**Recorded data**:
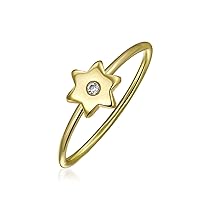 Bling Jewelry Minimalist CZ 14K Yellow Gold Plated .925 Sterling Silver Midi Knuckle Stackable CZ Accent Celestial Patriotic Celestial Star Ring 1MM Band For Teen Women
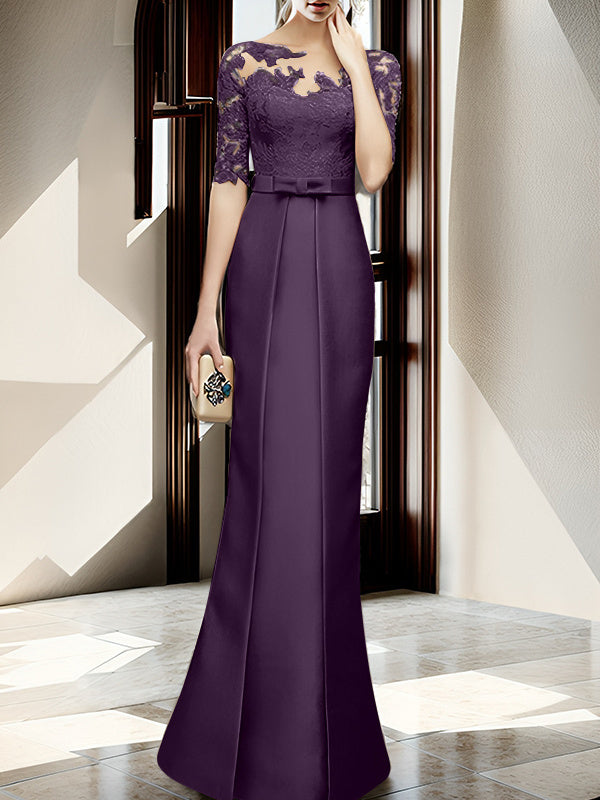 Floor-length Mother of the Bride Dresses with Sheath/Column Illusion Neck
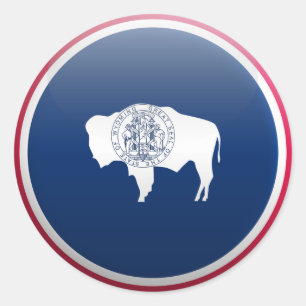 Flag of Wyoming Classic Round Sticker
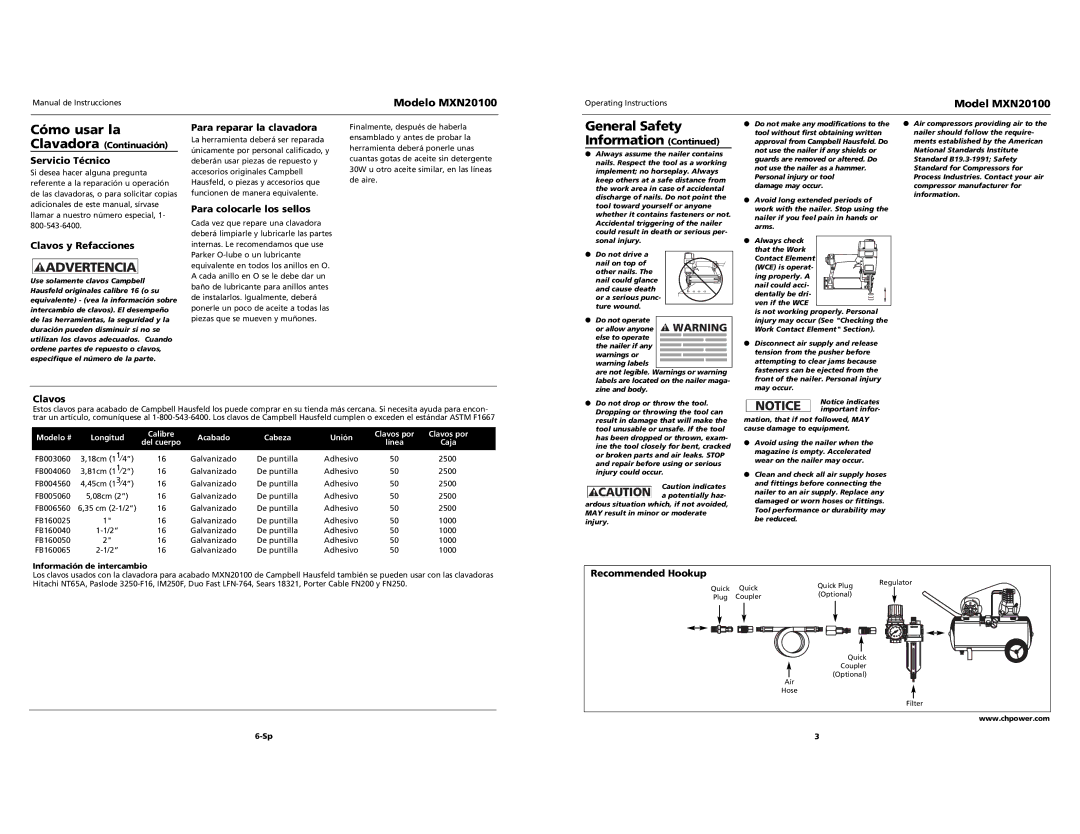 Campbell Hausfeld MXN20100 specifications Cómo usar la 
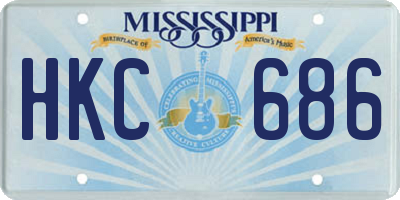 MS license plate HKC686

**Aim of the task**:
From the line containing "Floor-length Mother of" through the last line of the data above, write out every line word for word, and nothing else. Do not include the pictures.

**Response**:
 Floor-length Mother of the Bride Dresses with Sheath/Column Illusion Neck
 Flag of Wyoming Classic Round Sticker
 Campbell Hausfeld MXN20100 specifications Cómo usar la 
 MS license plate HKC686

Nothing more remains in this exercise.